This period of confinement is your opportunity to appreciate a great deal of what you generally see without ever properly noticing. Enjoy it.

Home confinement is a strange thing. In the 1650s, the French philosopher Blaise Pascal noted that: ‘The sole cause of man’s unhappiness is that he cannot stay quietly in his room.’

Really? Surely having to stay confined in one’s quarters is a kind of psychological torture? Pascal’s idea challenges one of our most cherished beliefs: that we must always be busy, out-and-about and on-the-go, visiting new places in order to feel, discover, and do new and worthwhile things.

Well now nobody can go anywhere: some can’t even make the trip to the end of their lane. What if your real problem is not so much that you aren’t allowed to go anywhere, but that you don’t how to make the most of what is now on hand: TIME. Because right now many of us have more time on our hands than we have ever had in our entire lives.

Isaac Newton was confined at home in 1665

Three hundred and fifty years ago, in 1665, Isaac Newton was in his early 20s and studying at Cambridge. Then the Great Plague struck England, eventually killing a quarter of the entire population of London. And like today, a version of social distancing was introduced. Cambridge sent students home to continue their studies, and Newton took up residence at his family estate about 80km north of Cambridge.

Without his professors to ‘guide’ him, Newton thrived. The year he spent in confinement has been referred to as his “year of wonders.” He continued to work on mathematical problems, his theories on optics, and right outside his window, there was an apple tree. Yep, that apple tree.

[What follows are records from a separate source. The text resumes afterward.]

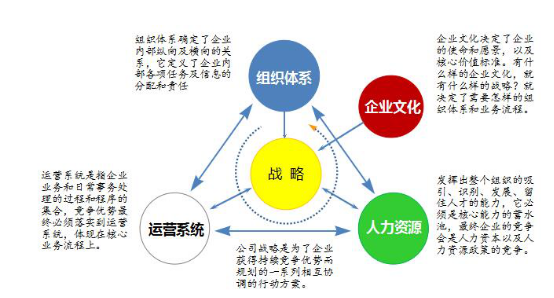 戰(zhàn)略規(guī)劃咨詢的五個(gè)關(guān)鍵要素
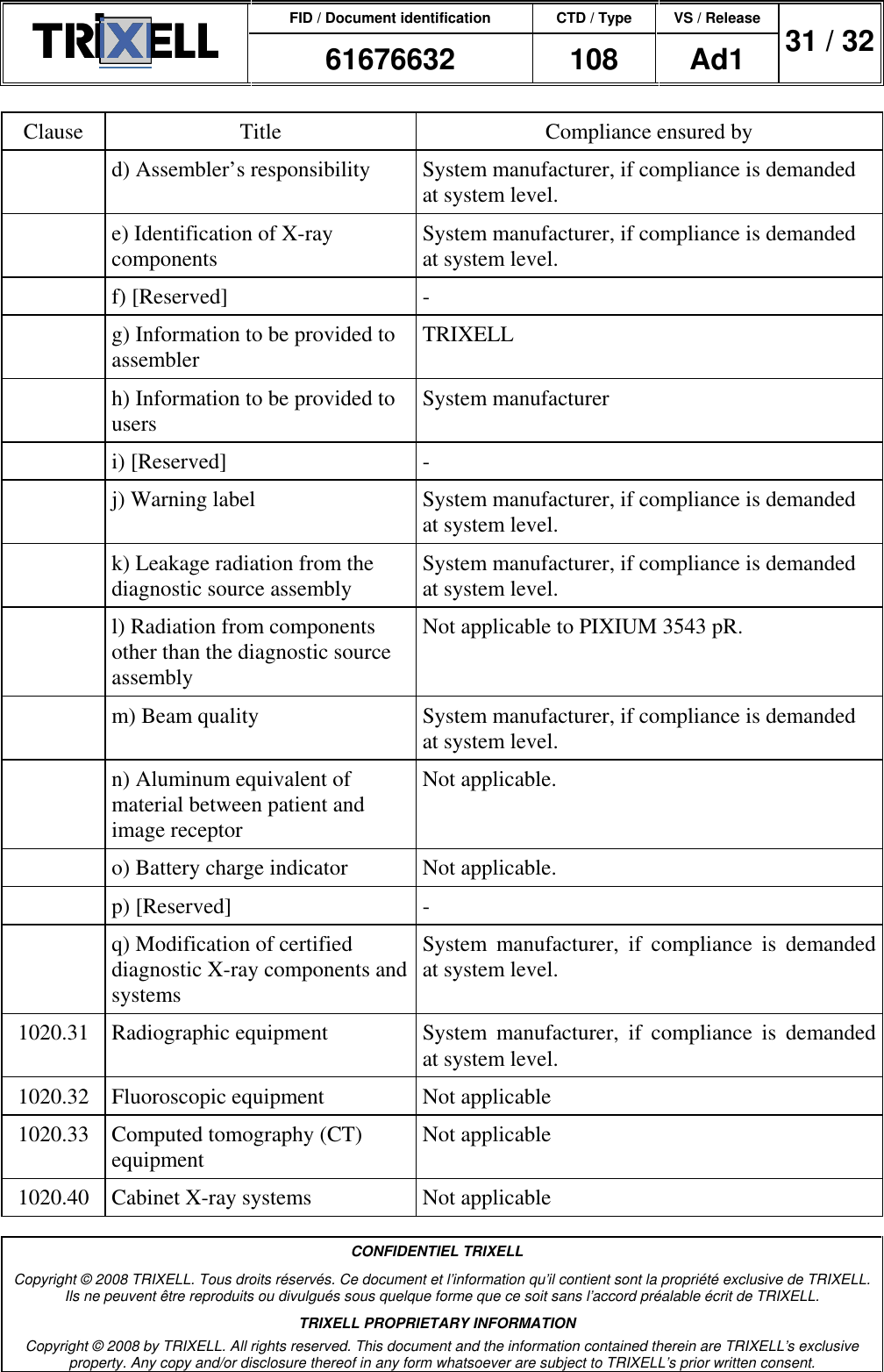 FID / Document identification CTD / Type VS / Release  61676632  108  Ad1  31 / 32  CONFIDENTIEL TRIXELL Copyright © 2008 TRIXELL. Tous droits réservés. Ce document et l’information qu’il contient sont la propriété exclusive de TRIXELL. Ils ne peuvent être reproduits ou divulgués sous quelque forme que ce soit sans l’accord préalable écrit de TRIXELL. TRIXELL PROPRIETARY INFORMATION Copyright © 2008 by TRIXELL. All rights reserved. This document and the information contained therein are TRIXELL’s exclusive property. Any copy and/or disclosure thereof in any form whatsoever are subject to TRIXELL’s prior written consent.  Clause  Title  Compliance ensured by   d) Assembler’s responsibility  System manufacturer, if compliance is demanded at system level.   e) Identification of X-ray components  System manufacturer, if compliance is demanded at system level.   f) [Reserved]  -   g) Information to be provided to assembler  TRIXELL   h) Information to be provided to users  System manufacturer    i) [Reserved]  -   j) Warning label  System manufacturer, if compliance is demanded at system level.   k) Leakage radiation from the diagnostic source assembly  System manufacturer, if compliance is demanded at system level.   l) Radiation from components other than the diagnostic source assembly Not applicable to PIXIUM 3543 pR.   m) Beam quality  System manufacturer, if compliance is demanded at system level.   n) Aluminum equivalent of material between patient and image receptor Not applicable.   o) Battery charge indicator  Not applicable.   p) [Reserved]  -   q) Modification of certified diagnostic X-ray components and systems System  manufacturer,  if  compliance  is  demanded at system level. 1020.31  Radiographic equipment  System  manufacturer,  if  compliance  is  demanded at system level. 1020.32  Fluoroscopic equipment  Not applicable 1020.33  Computed tomography (CT) equipment  Not applicable 1020.40  Cabinet X-ray systems  Not applicable 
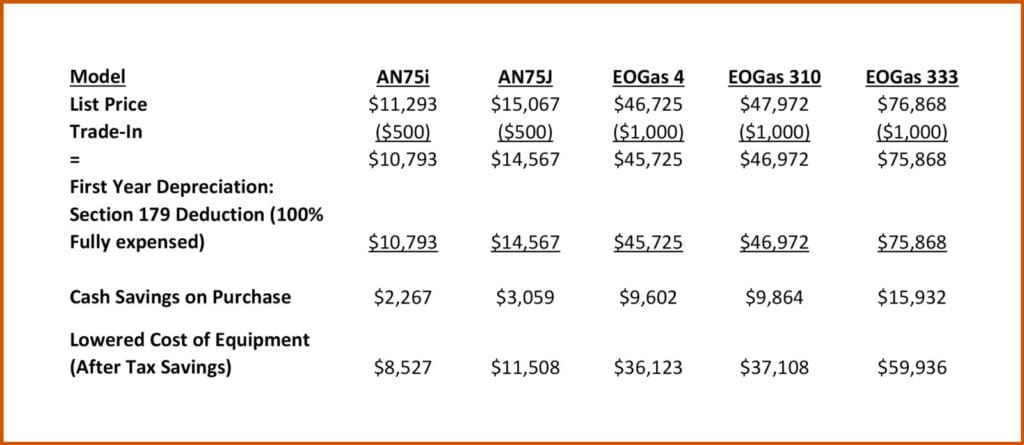 2022 Tax Section 179 Incentive Savings Breakdown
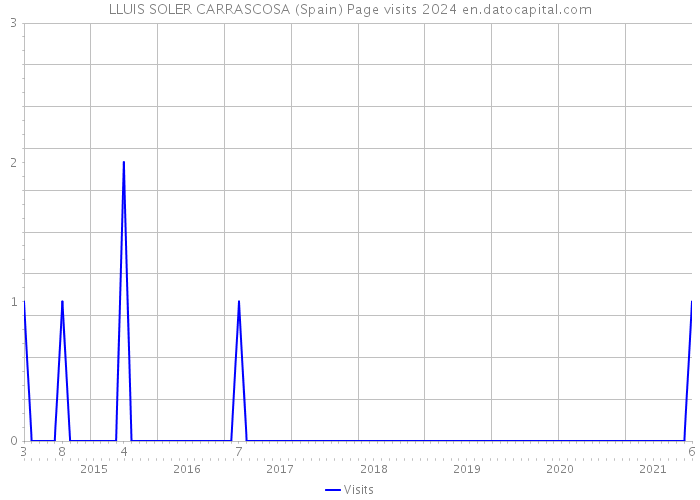 LLUIS SOLER CARRASCOSA (Spain) Page visits 2024 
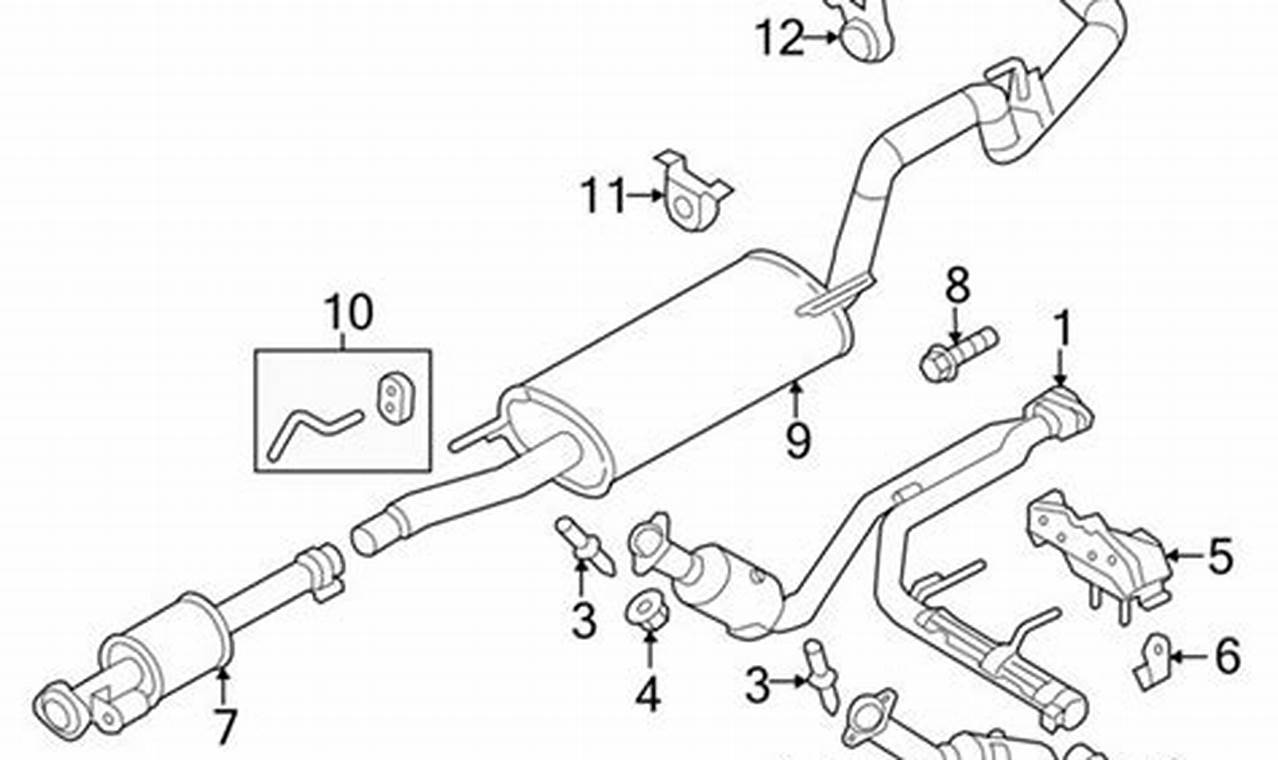 Best 2007 Ford F150 Muffler: Reviews &amp; Performance Upgrades | Best Mufflers for Cars & Trucks | Performance, Sound & Durability Upgrades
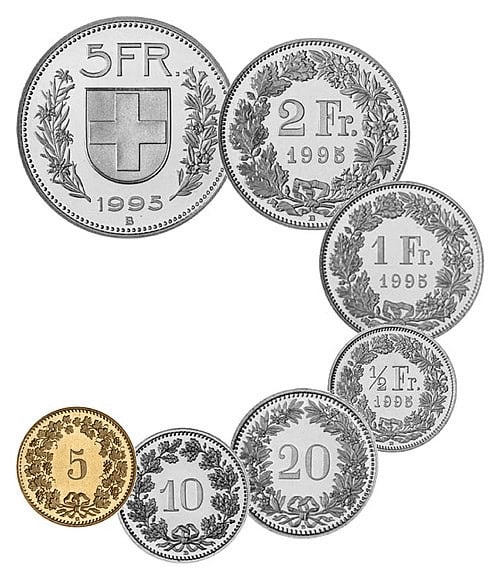 Swiss Franc (CHF)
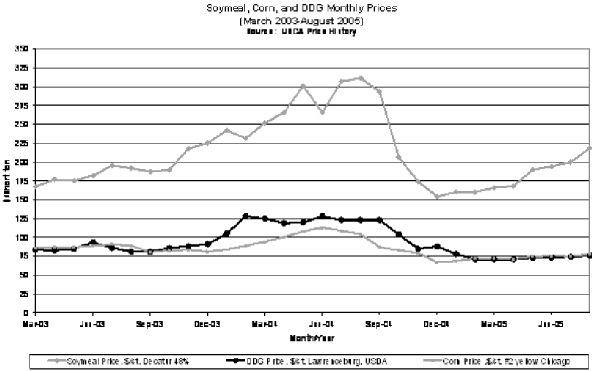 (SOYMEAL, CORN AND DDG MONTHLY PRICES MARCH 2003-AUGUST 2005 LINE GRAPH)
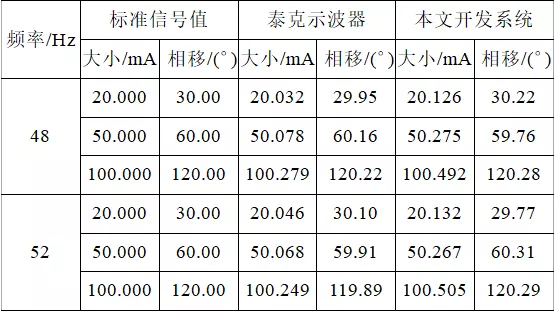 大型接地網分流矢量的測量新方法，以衛星時鐘信號作為參考基準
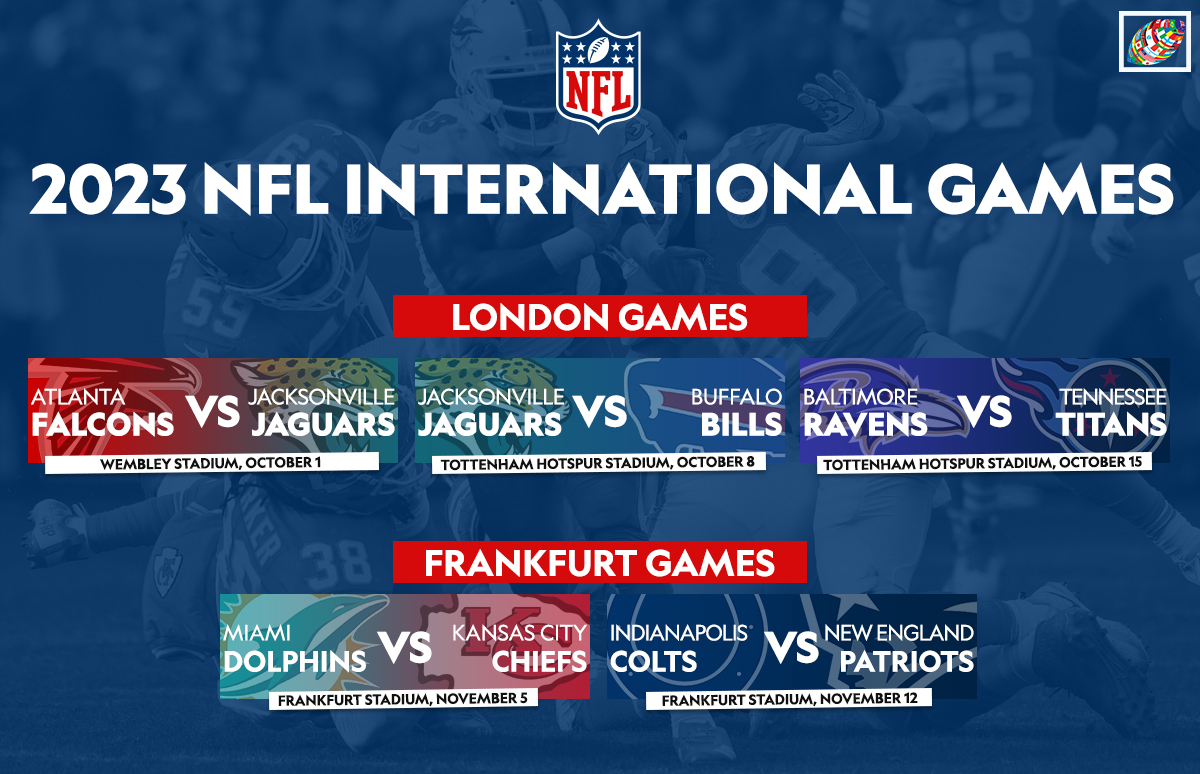 2023 NFL London games: All you need to know as the league returns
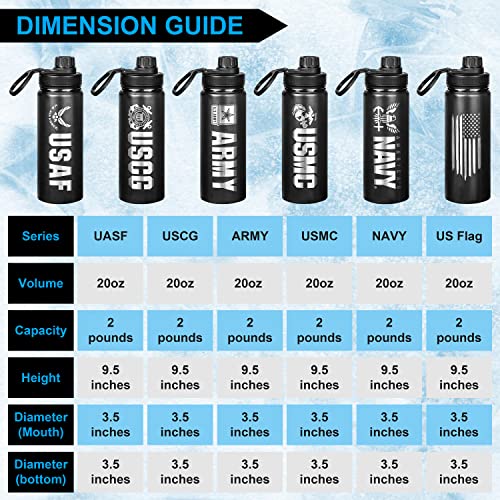 20oz US Navy Water Bottle - Double Wall Vacuum Insulated Stainless Steel Great for PT and Outdoor Sports Like Hiking Camping and Cycling-OFFICIALLY LICENSED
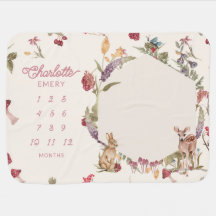 Whimsical Woodland Baby Milestone Leder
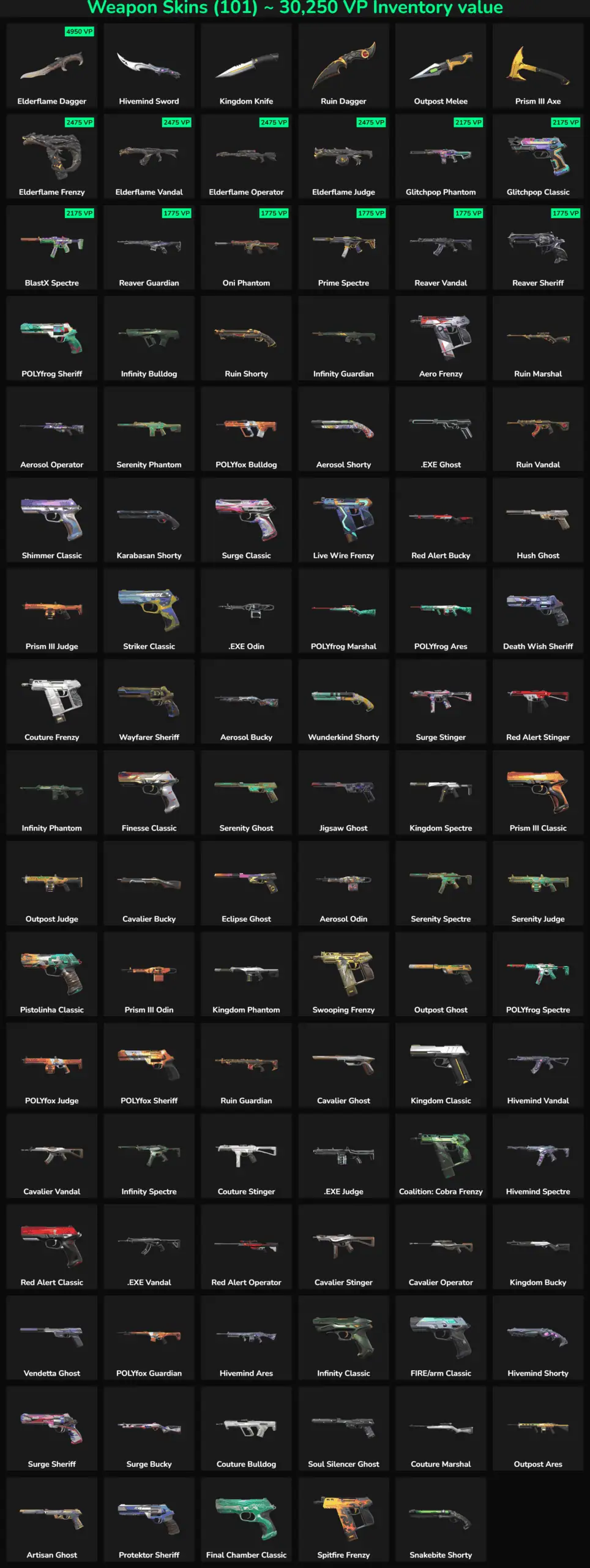 Fortnite weapon skins inactive in LATAM region.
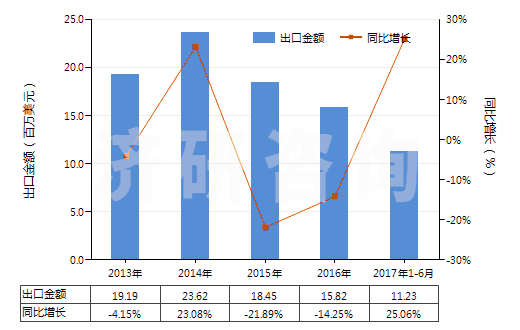 2013-2017年6月中國人造短纖<85%與其他纖維混紡未漂或漂白布(HS55169100)出口總額及增速統(tǒng)計 2013-2017年6月中國人造短纖<85%與其他纖維混紡未漂或漂白布(HS55169100)出口總額及增速統(tǒng)計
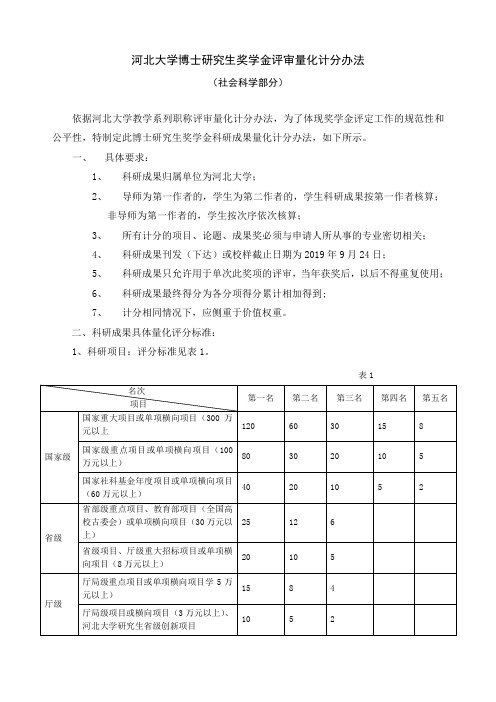 河北大学博士研究生奖学金评审量化计分办法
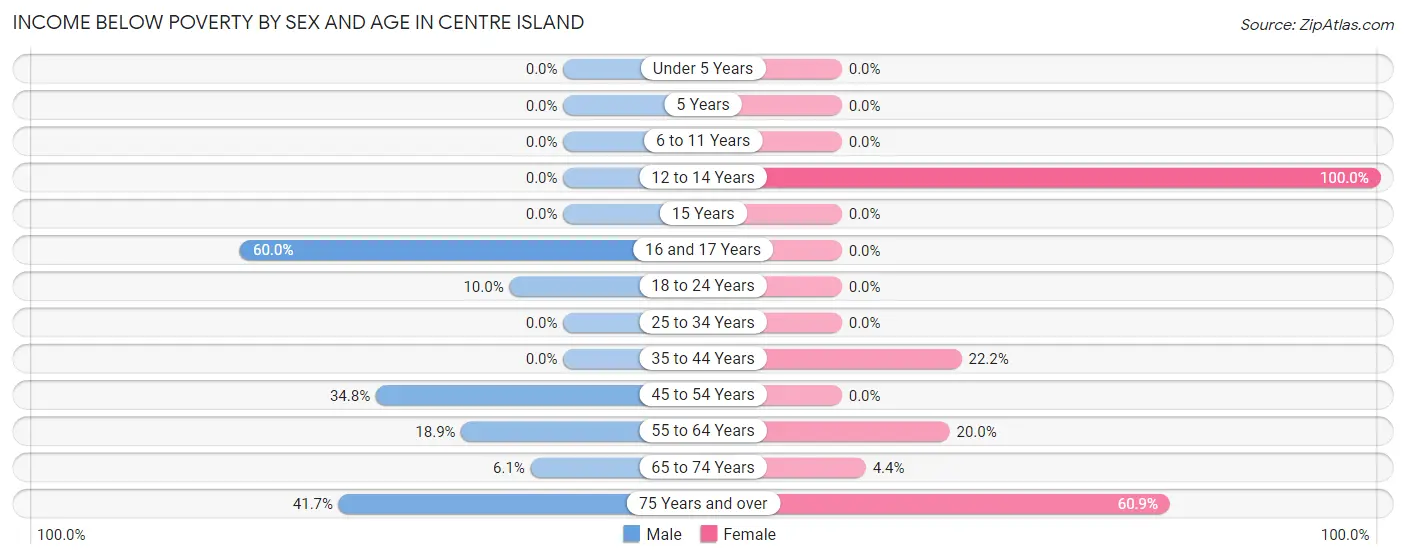 Income Below Poverty by Sex and Age in Centre Island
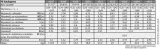 drabina-3-elem-898m-dr4213-drabex-marka-drabex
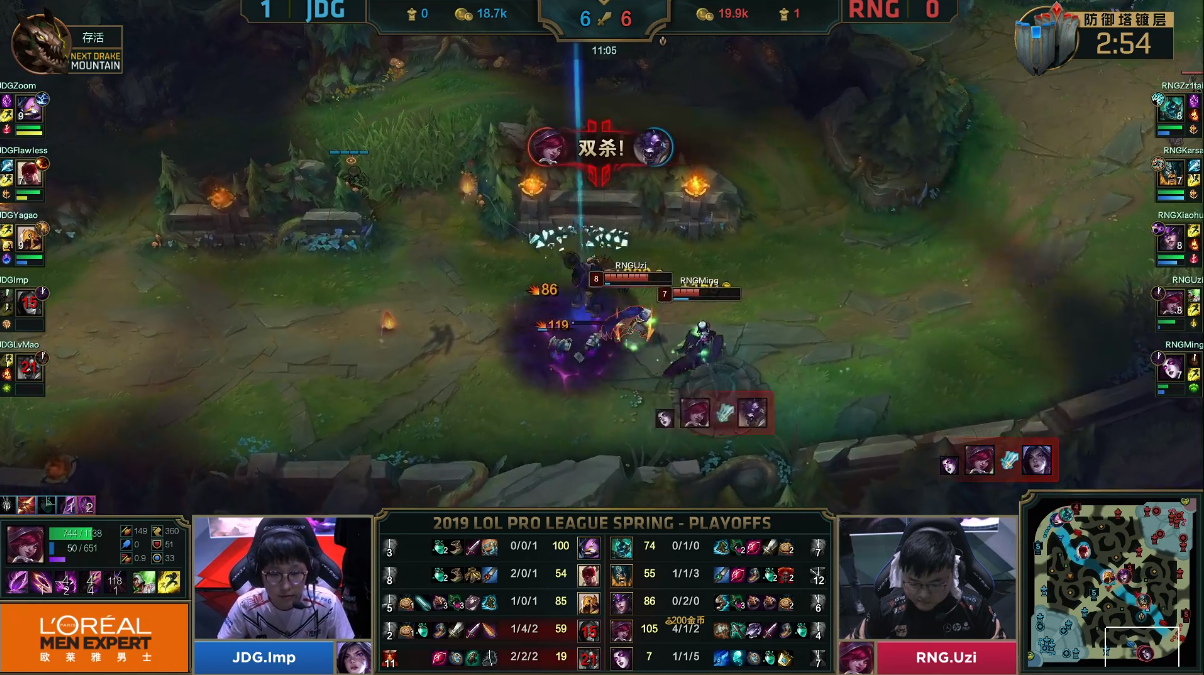 RNG止步八强与EDG成难兄难弟，JDG连续发威获洲际赛名额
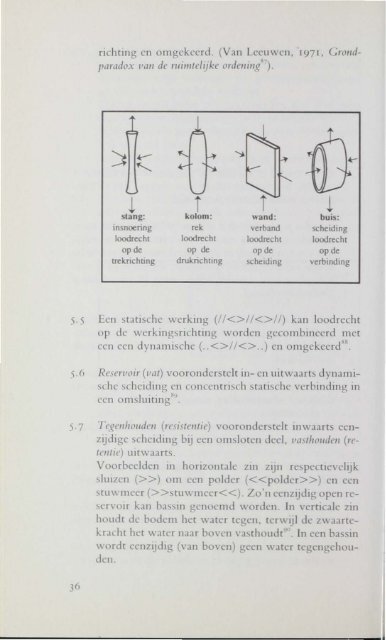 Kleine methodologie voor ontwerpend onderzoek - TU Delft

The story of how Newton sat under the tree, was hit on the head by an apple and suddenly understood the theory of gravity, is more myth than fact. But the theory of gravity did come to light while he was musing away during his one-year period of confinement. Newton returned to Cambridge in 1667, theories in hand. Within six months, he was made a fellow; two years later, a professor.

Make the most of your confinement

So, if you’re wondering what to do with your time for the next three months of quarantine, remember the example Newton set. This is your time to do the solitary, original, bold kind of thinking that can move your life forward – in the totally unstructured comfort of your own home. And no one cares whether or not you make it out of your pyjamas before noon.

This period of confinement creates the opportunity for your mind to order and understand itself. Fears, resentments, intentions, and dreams will become easier to name. You will start, in small steps, to know yourself slightly better.

You will – one day – recover your freedoms. The world will be yours to roam once more. You will be busy and time-poor again. In the meantime, this period of confinement is your opportunity to appreciate a great deal of what you generally see without ever properly noticing, and to understand what you have felt but not yet fully processed. Enjoy it.